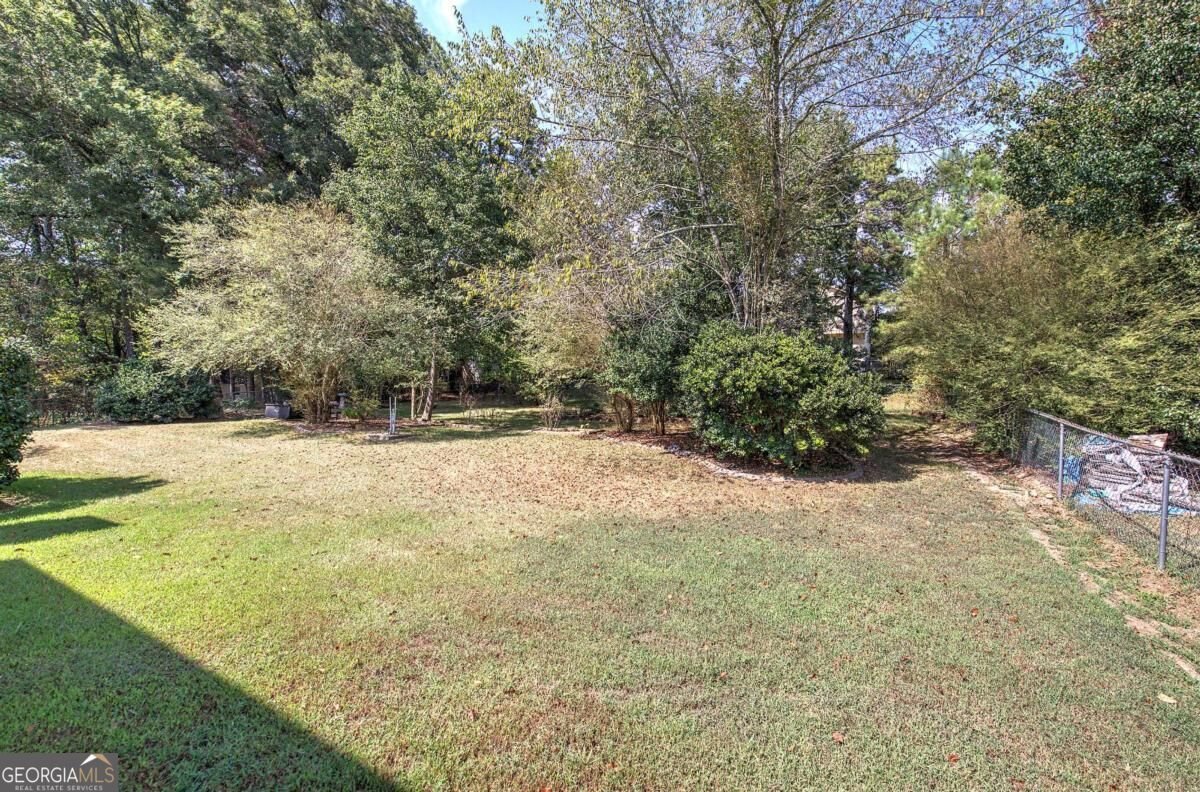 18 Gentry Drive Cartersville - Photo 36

++++++++++

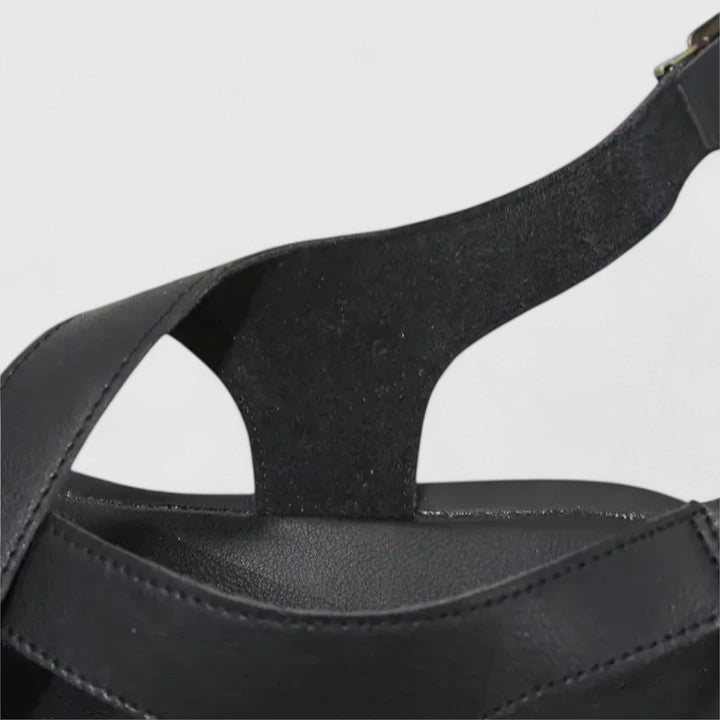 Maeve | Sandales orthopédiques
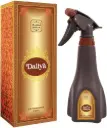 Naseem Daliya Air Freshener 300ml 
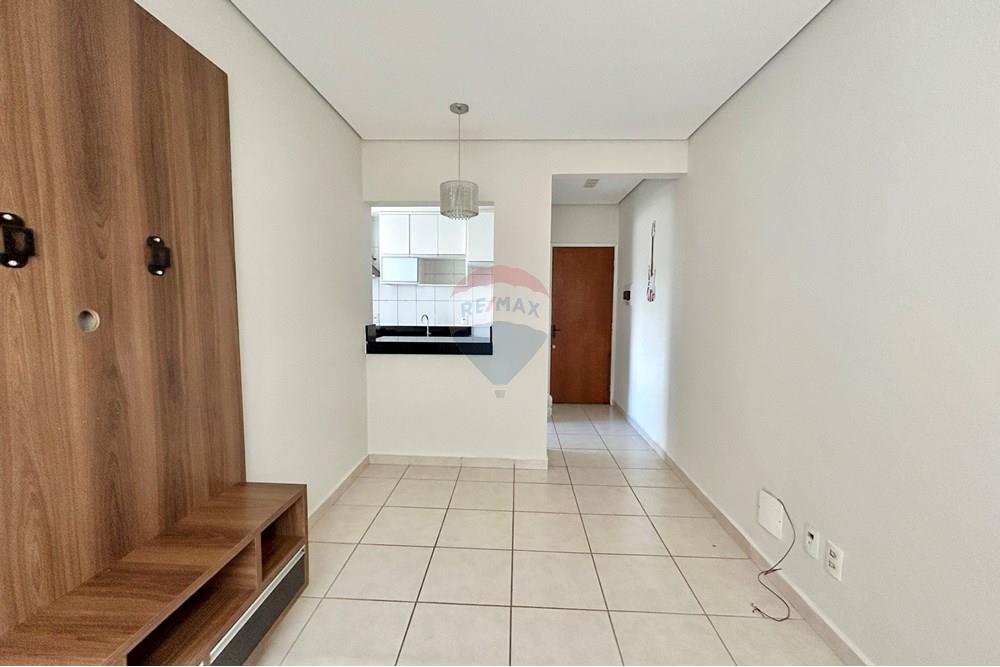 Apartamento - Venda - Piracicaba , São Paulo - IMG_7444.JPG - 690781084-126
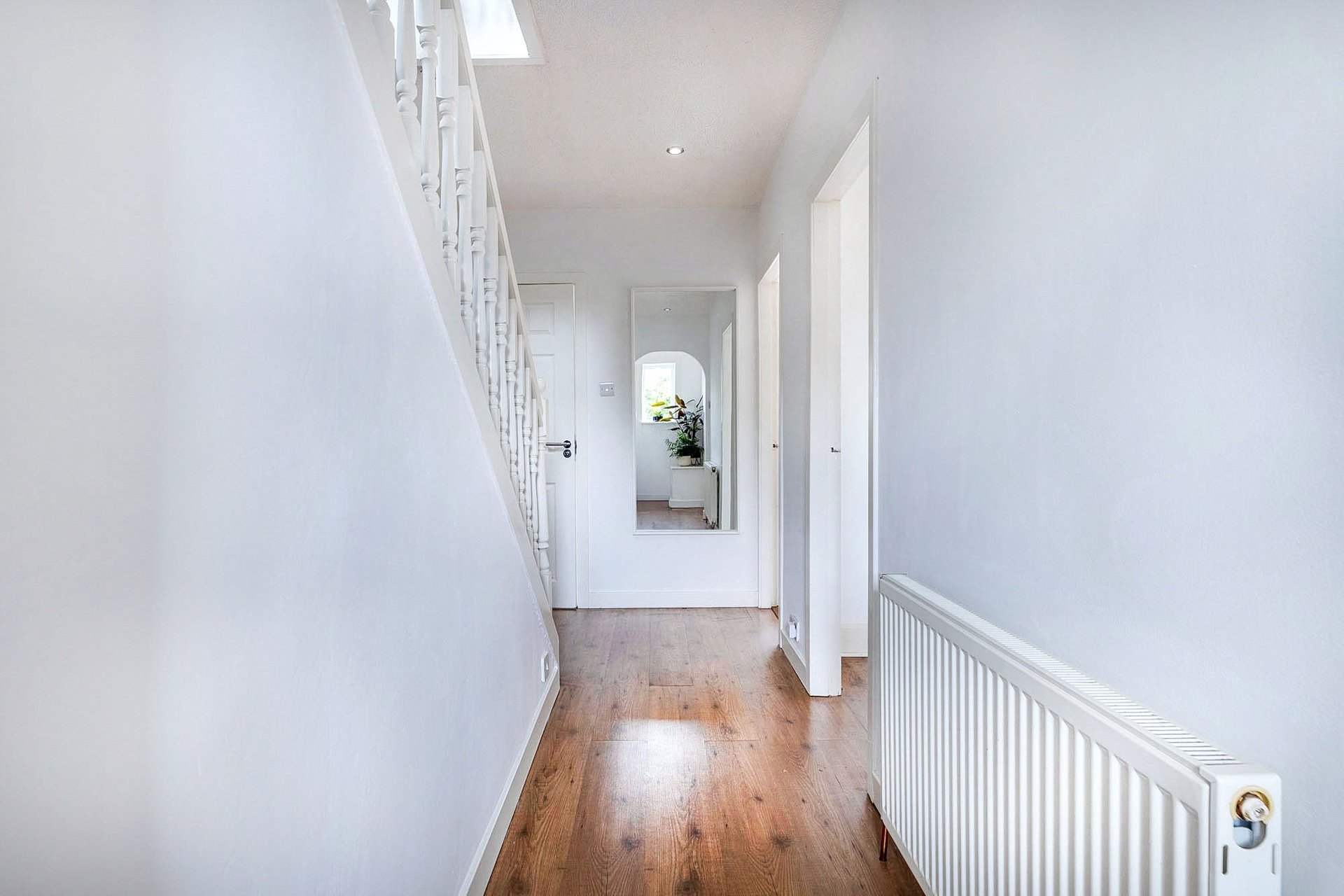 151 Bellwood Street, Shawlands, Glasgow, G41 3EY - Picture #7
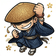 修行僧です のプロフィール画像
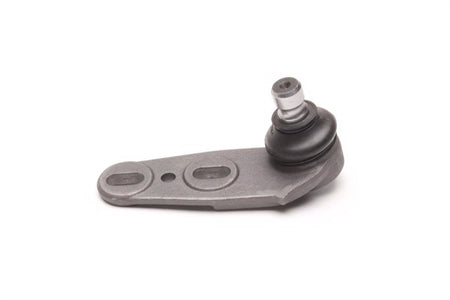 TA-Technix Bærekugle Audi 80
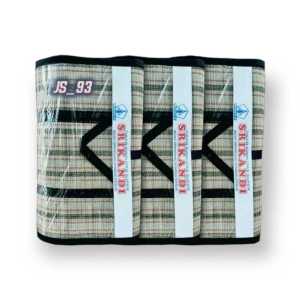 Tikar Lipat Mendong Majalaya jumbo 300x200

++++++++++

# Task to complete
Retype, exactly and with no pictures, everything above from the line with "151 Bellwood Street, Shawlands, Glasgow, G41" down to the line with "Tikar Lipat Mendong Majalaya jumbo 300x200", both included.

# Answer to the exercise
 151 Bellwood Street, Shawlands, Glasgow, G41 3EY - Picture #7
 修行僧です のプロフィール画像
 TA-Technix Bærekugle Audi 80
 Tikar Lipat Mendong Majalaya jumbo 300x200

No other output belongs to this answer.